### Work to complete
Your answer should be the full data, transcribed exactly, with no pictures in it.

### Supplied material
━━━━━━

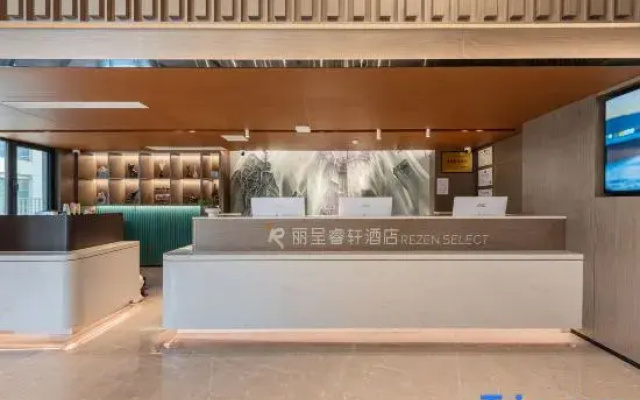 Rezen Select Hotel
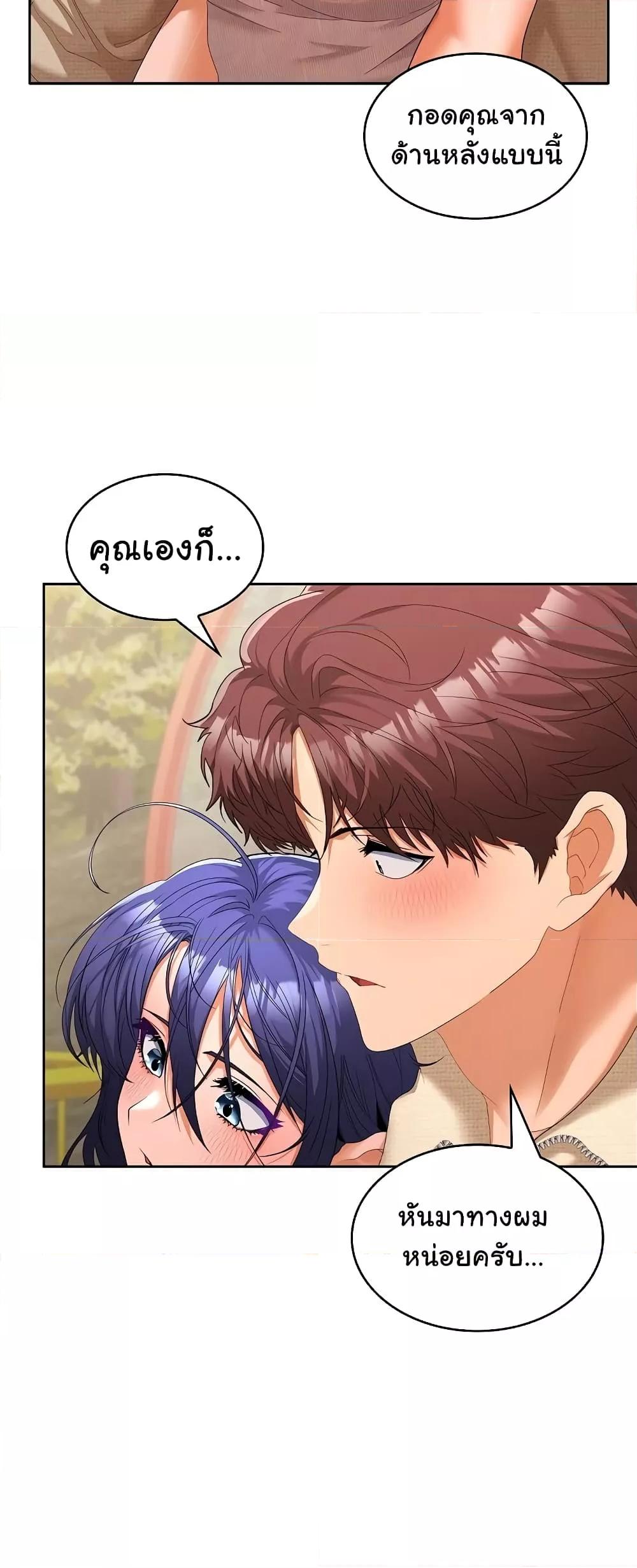 Doujin-Lc- อ่าน โดจิน มังฮวา เกาหลี ญี่ปุ่น จีน แปลไทย Not at Work ตอนที่ 1 2 3 4 5 6 7 8 9 10 11 12 13 14 ฟรี ไม่มีโฆษณา อ่าน โดจิน Manhwa เกาหลี ญี่ปุ่น จีน เรามีครบ คัดมาให้เน้นๆ โดจิน 18+ รับประกันความฟินโดย  Doujin Lc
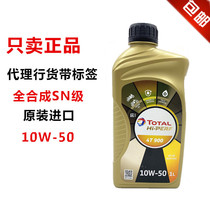 Total 4T motorcycle fully synthetic engine oil four stroke 1 liter SN span pedal oil Four Seasons General summer oil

━━━━━━

### Solved problem
 Rezen Select Hotel
 Doujin-Lc- อ่าน โดจิน มังฮวา เกาหลี ญี่ปุ่น จีน แปลไทย Not at Work ตอนที่ 1 2 3 4 5 6 7 8 9 10 11 12 13 14 ฟรี ไม่มีโฆษณา อ่าน โดจิน Manhwa เกาหลี ญี่ปุ่น จีน เรามีครบ คัดมาให้เน้นๆ โดจิน 18+ รับประกันความฟินโดย  Doujin Lc
 Total 4T motorcycle fully synthetic engine oil four stroke 1 liter SN span pedal oil Four Seasons General summer oil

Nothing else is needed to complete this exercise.